When the customer presents the card it DOES NOT send the customer’s card number to the POST. Instead, the POST will submit an INVOICE to the customer’s card. On customer approval the customer’s card will encrypt the invoice together with authorization for payment to the PCI (Payment Card Industry Card Service Center) for processing and forward the cipher text to the POST. Neither the POST nor the merchant’s computer can read the authorizing message because it is PGP encrypted for the PCI service. Therefore the merchant’s POST must forward the authorizing message cipher text to the PCI service center. On approval the PCI Service Center will return an approval note to the POST and an EFT from the customer’s account to the merchant’s account. The POST will then print the PAID invoice. The customer picks up the merchandise and the transaction is complete. The merchant never knows who the customer was: the merchant never has ANY of the customer’s PII data.

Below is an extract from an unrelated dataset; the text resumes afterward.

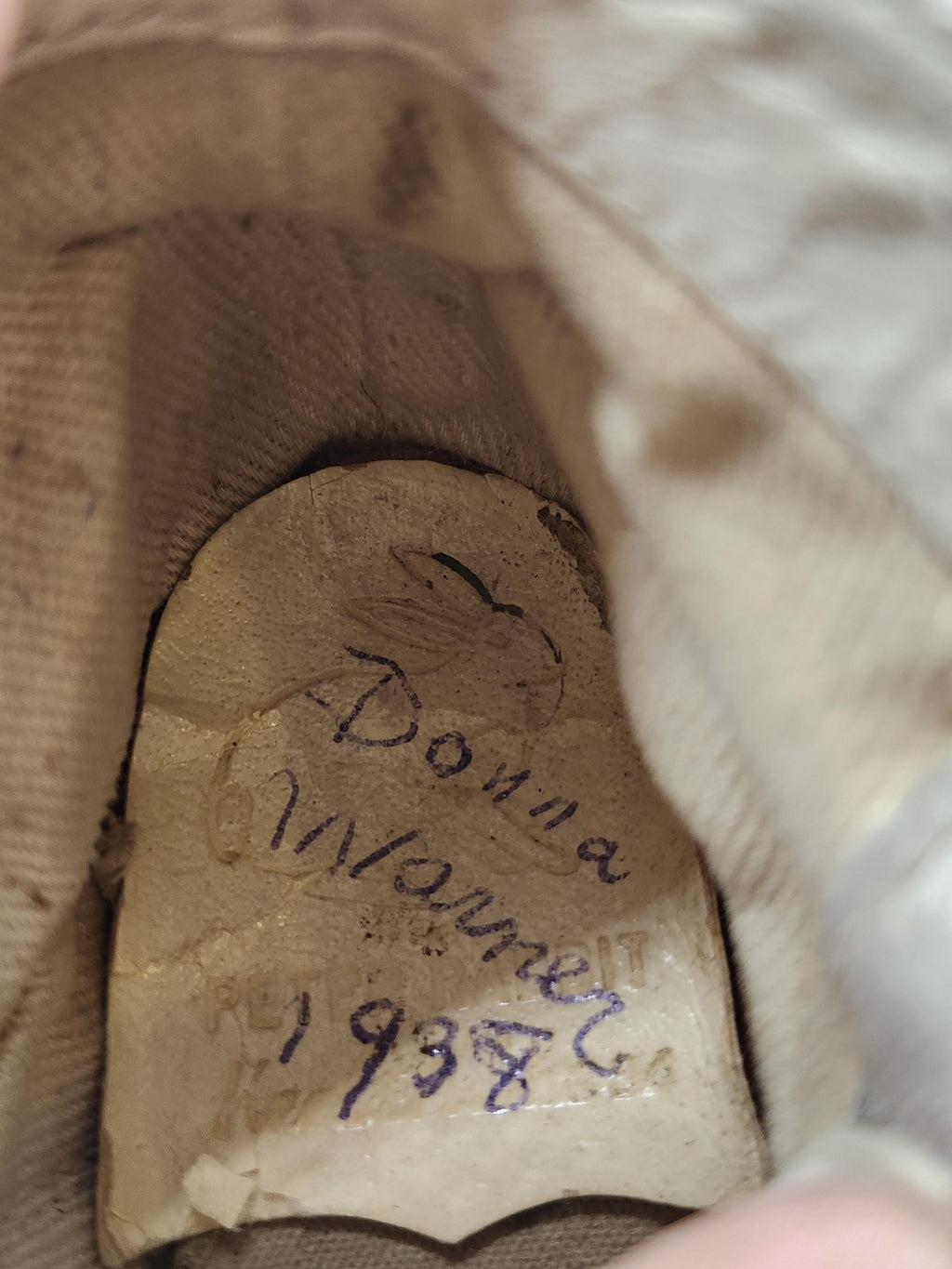 Vintage 1938 Mrs Day's Ideal Baby Shoes Size 2 Medium White Leather Box USA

I like this idea and would like to extend the idea even to ATM cards. That way, we will never have to worry about inserting a card into a fake or compromised ATM, because our ATM card would not trust the ATM machine – it would talk directly to the bank server in encrypted messages that the ATM cannot understand. At the end of it all, the bank server would simply send a message to the ATM to dispense the cash.

Updated February 11, 2014 to insert block quotes and ellipses in quote from Murdoch-Anderson paper.